Freedom of religion comes among the top on the list of fundamental human rights. This course is designed to help students with understanding the basic concepts pertaining to religious freedom, toleration, and separation of church and state.

The focus is less on the contemporary jurisprudence of the First Amendment religion clause issues in America, and more on the theoretical analysis of the principles that emerged during the early debates preceding the American constitutional expression. The seventeenth-century debate over conscience and community, however remote it may seem, does provide the frame of reference that is surprizingly relevant today.
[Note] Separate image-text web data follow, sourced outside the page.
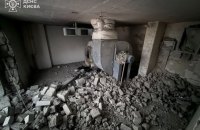 У Києві уламки БпЛА впали на будинок (оновлено)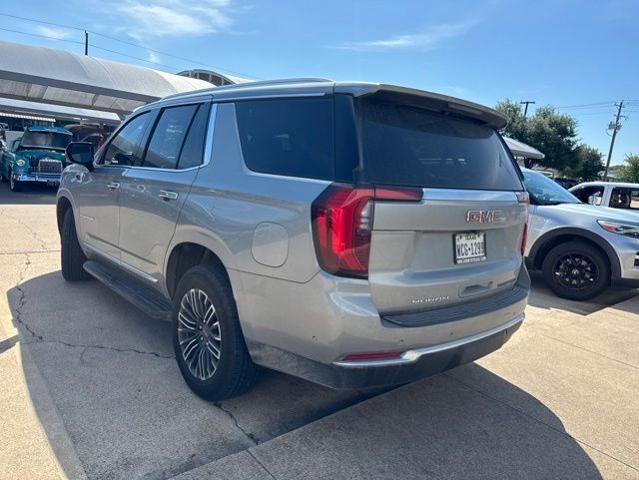 2025 GMC Yukon Elevation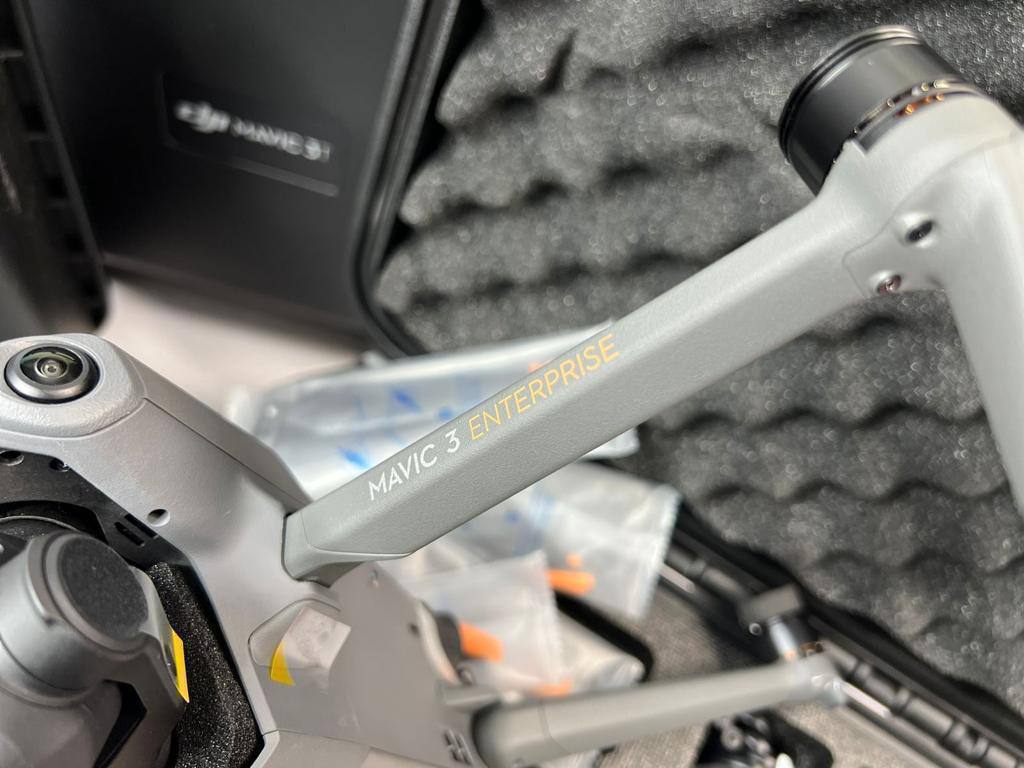 Квадрокоптер DJI Mavic 3T CN (DJI RC PRO)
During the course, students may encounter challenges to their own preconception about the universal and almost confessional status of liberalism and toleration as its core belief. The seemingly necessary connection between liberalism and toleration, and conversely, conservatism and intolerance, will have to come under scrutiny.

Depending on class composition, the transcultural and indeed transreligious applicability of these prevailing concepts may become a theme for discussion.


ICU Library has a copy each of these books. You may also want to purchase them via internet.


4/14 Introduction
5/5 No class (National Holiday)
5/19 No class (New-Student Retreat)
6/16 Lecture by Leo Ribuffo (George Washington University) at ICU
6/23 (Makeup) Conference and Lecture by John Witte, Jr., at Seigakuin University, Tokyo


  1. Please do not miss the first day of the class (April 14). Depending on the class composition, we will determine the focus of the class, assign the readings, and schedule the presentations. All students interested in taking the course should attend.

  2. Keep up with the reading assignment in order to participate in and enjoy class discussions. Come prepared with questions and comments.

  3. Each student will be asked to make a presentation on a subject carefully selected in consultation with the instructor. Handout materials should be xeroxed for all class members. Your presentation will be considered successful if it generates informed discussion among participants.

  4. A final paper of 10 to 15 pages, double-spaced, is required. Incorporate the lecture content and classroom discussion. You may either refine your class presentation or redefine your topic entirely. Due will be announced later.


Presentation (30%), contribution to class discussion (20%) and final paper (50%).